Zu viel Tagesfreizeit macht ja bekanntermaßen kreativ. So kam es gerade zwischen meinen beiden Kollegen und mir zu einer Diskussion über Blogs, Podcasts und deren Potential ein weltweites Publikum zu erreichen. Da wir alle in der Medienbranche tätig sind nannten wir dieses Potential im Zuge der Diskussion einfach ein wenig bürokratisch und fachidiotisch "Lesermarkt".
Kurz: Es ging um die Frage, wie es beispielsweise Let's-Player schaffen allein von den Einnahmen von youtube zu leben oder Podcaster ganze Buchpublikationen per flattr stemmen können, während wir mit einem Dinosaurier-Produkt namens "Zeitung" tagtäglich Kosten und Aufwand bis in den Centbereich genau abwägen müssen.
Kollege L. meinte sinngemäß der Erfolg läge schlicht und einfach in der Spezialisierung: Jeder hat Ahnung von irgendwas und kann darüber fachsimpeln. Einen Hang zur Selbstdarstellung vorausgesetzt erreicht man so eben seinen speziellen "Lesermarkt". Dass der finanzielle Aufwand im Vergleich zu einer Zeitungsproduktion verschwindend gering ist liegt ja wohl auf der Hand.
Als gebranntes Kind war ich da schon etwas fatalistischer: Man müsse seinen Blog ja schließlich auch bewerben, damit der "Lesermarkt" auch weiß wo er hin soll - dem "Markt" muss man ja bekanntermaßen alles sieben Mal erklären, bevor er erkennt was ihm gut tut. ("Den Leser pauschal beleidigen" hake ich jetzt auf meiner To-Do-Liste einfach ab).

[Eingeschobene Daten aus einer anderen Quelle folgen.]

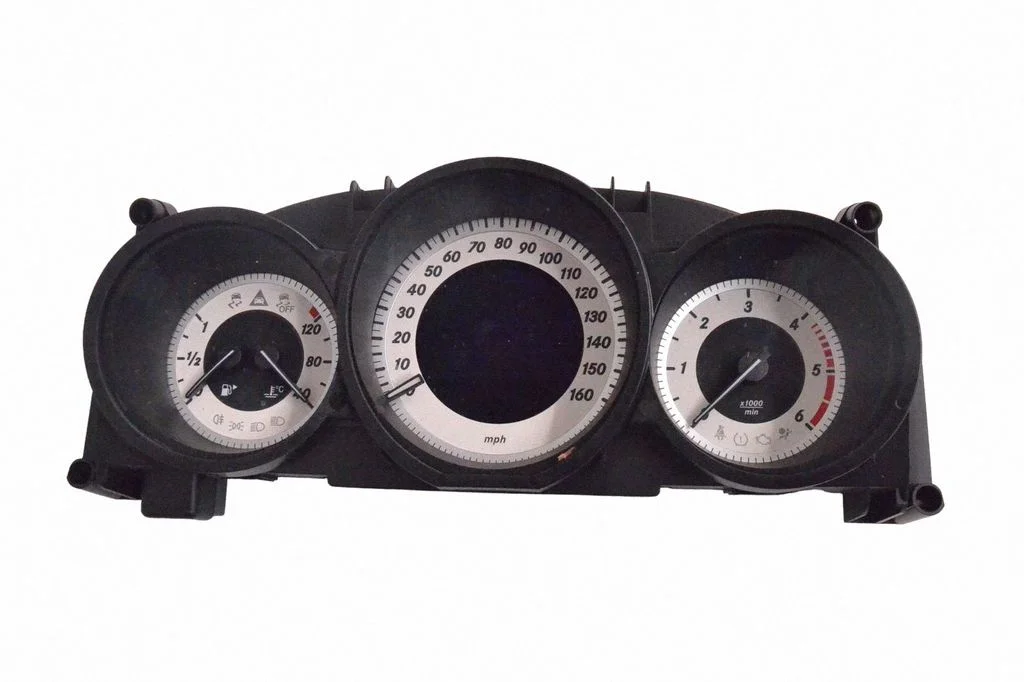 Speedometer (instrument cluster) A2189002007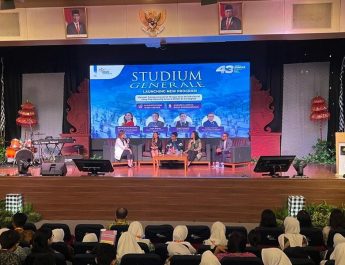 Wawasan Budaya dan Keterampilan Digital Bekal Penting Hadapi Persaingan Global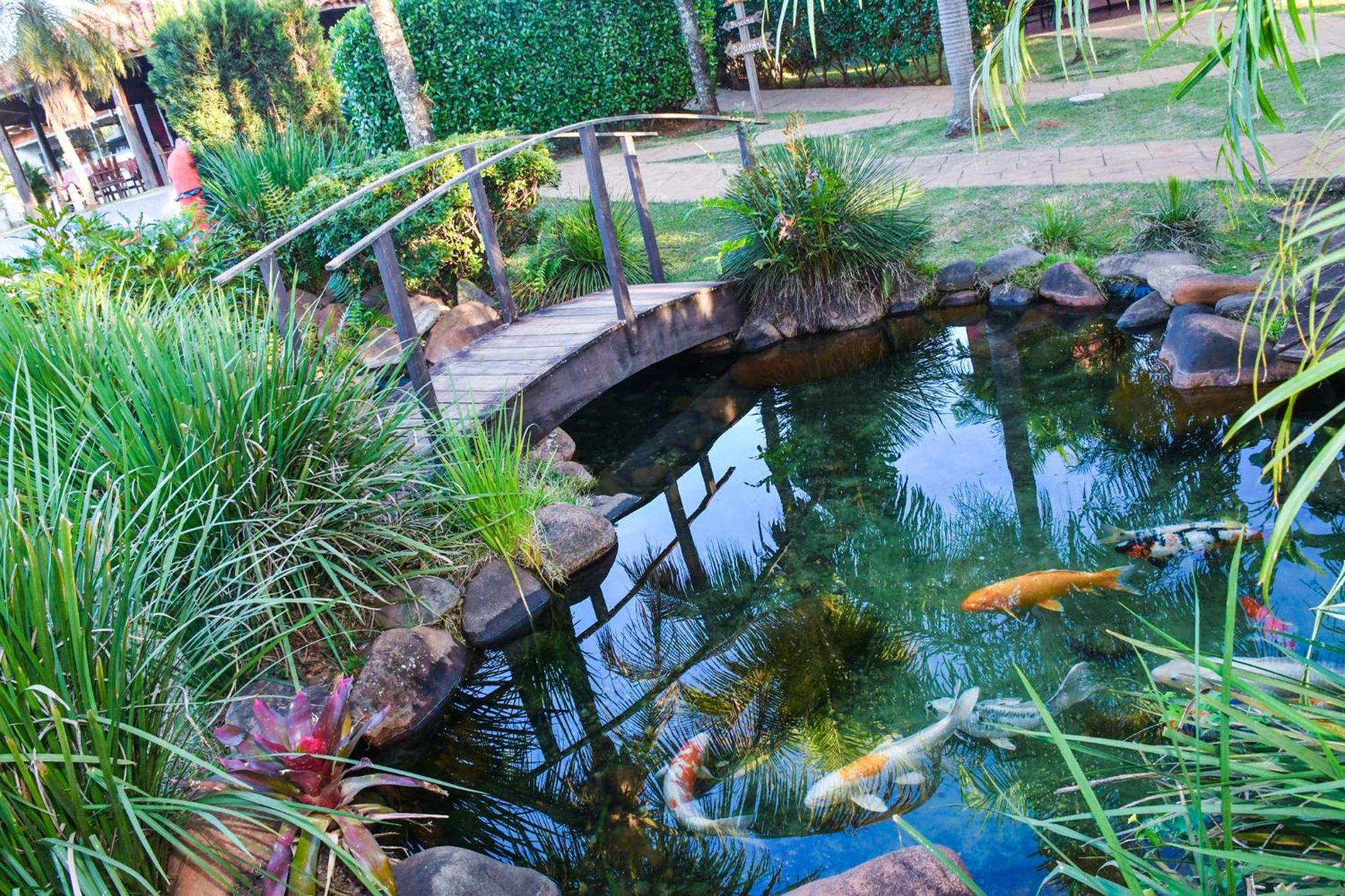 Hotel Fazenda Haras
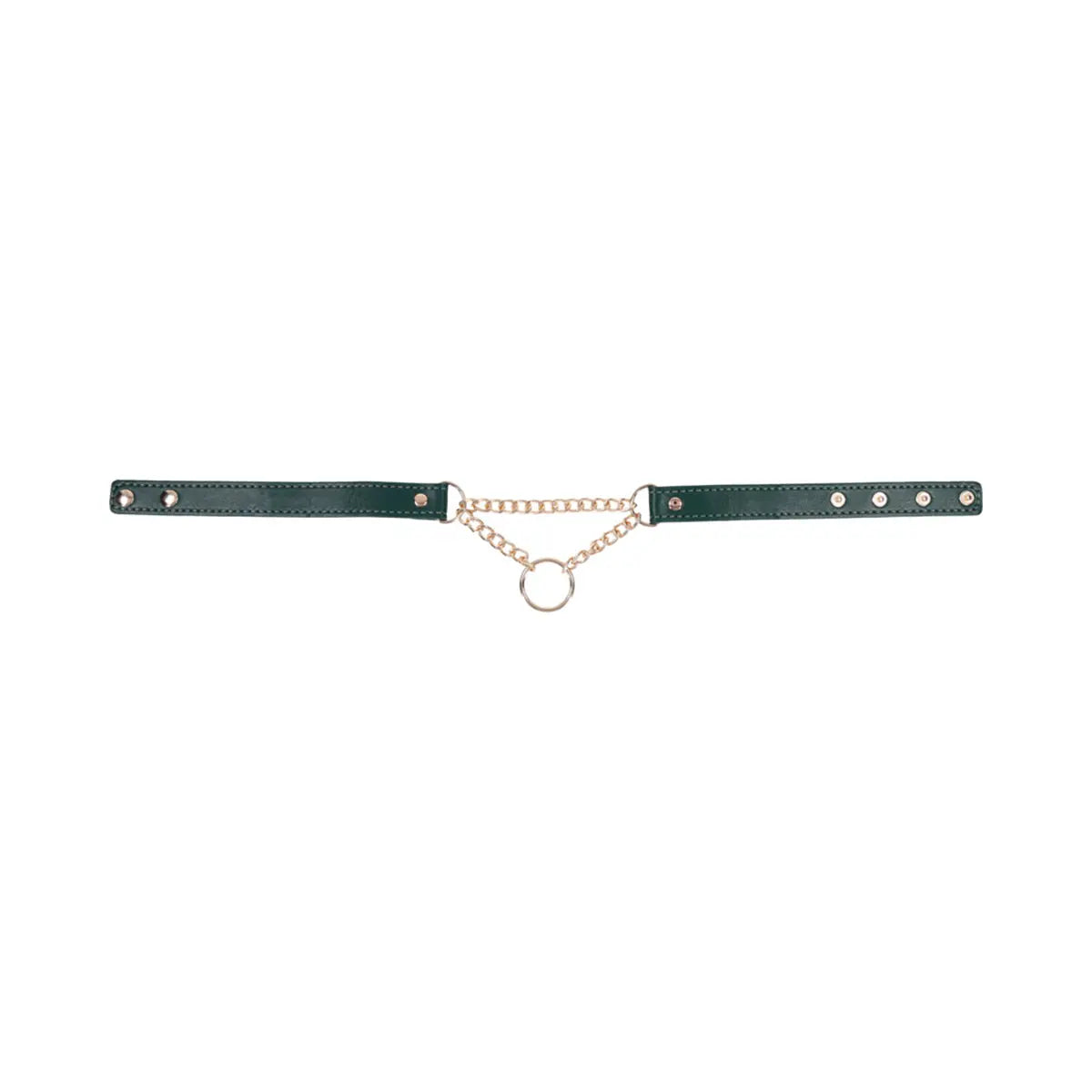 SS S&M Indica Day Collar Sportsheets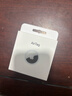 Apple/苹果 AirTag (单件装) 追踪器追踪定位宠物儿童老人防丢 苹果原装 适用于iPhone/iPad 实拍图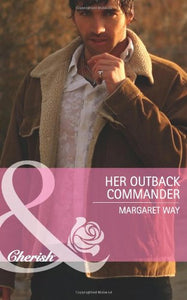 Her Outback Commander 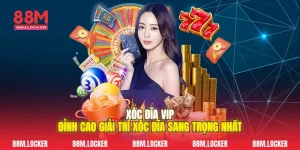 Xóc Đĩa Vip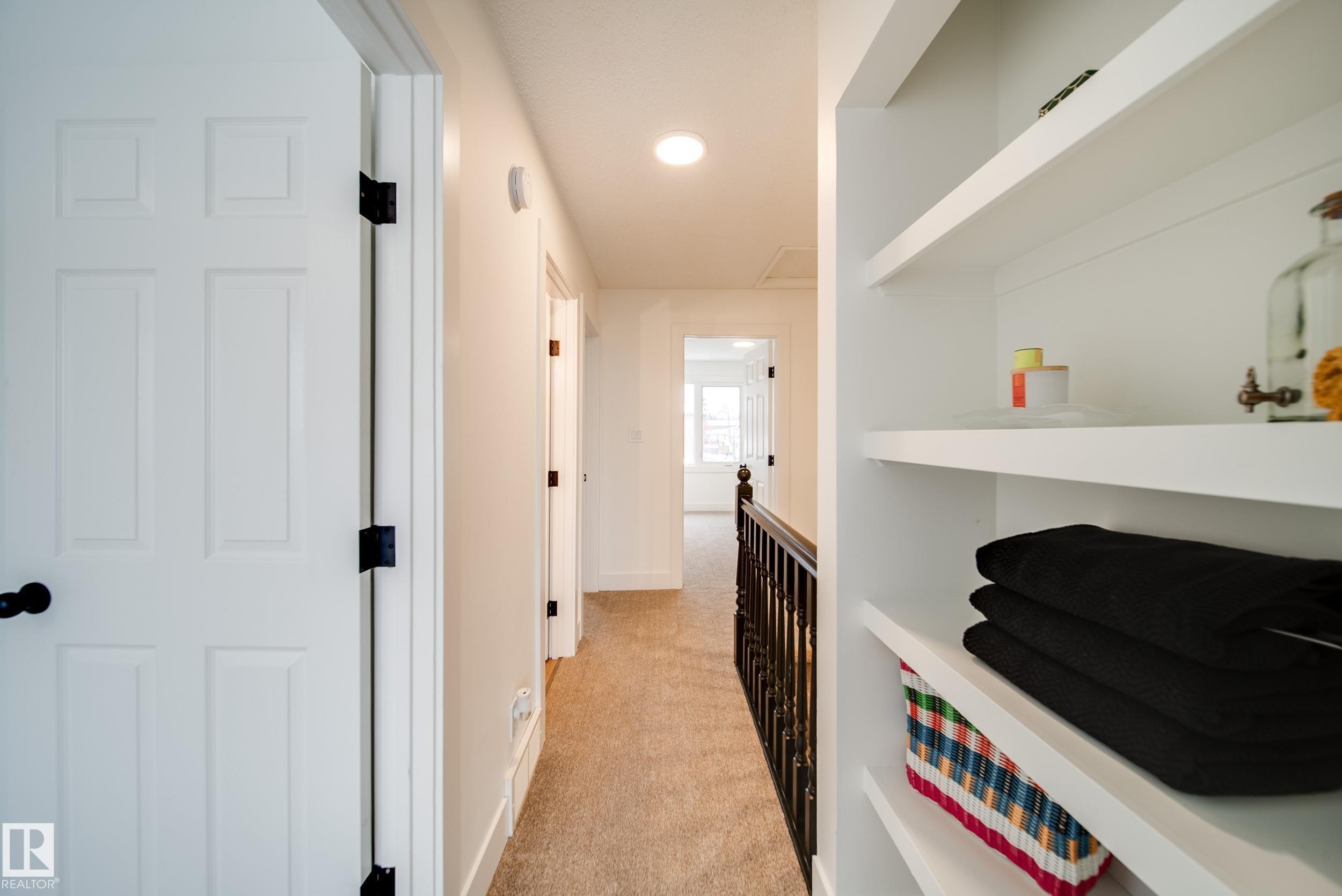 66 Akinsdale Gardens, St. Albert, AB - Indoor Photo Showing Other Room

Oder einfacher und gut österreichisch ausgedrückt: "Liest ja eh keiner, den Schaß!"
Oh wie falsch ich doch lag
Um meine Theorie zu untermauern wollte ich ihm die jämmerlichen Zugriffszahlen dieses kleinen Blogs hier präsentieren. Schließlich besteht dieser erwiesenermaßen hauptsächlich aus polemischen Schimpfkanonaden über die Unzulänglichkeiten dieses Planeten und hat überhaupt nur erbärmliche sieben Posts. Ich lag ja sowas von daneben. Nicht etwa ein "Ball knallt gegen Torpfosten"-Daneben sondern eher "Was, das ist Madrid? Ich wollte doch nach Bratislava!"-Daneben.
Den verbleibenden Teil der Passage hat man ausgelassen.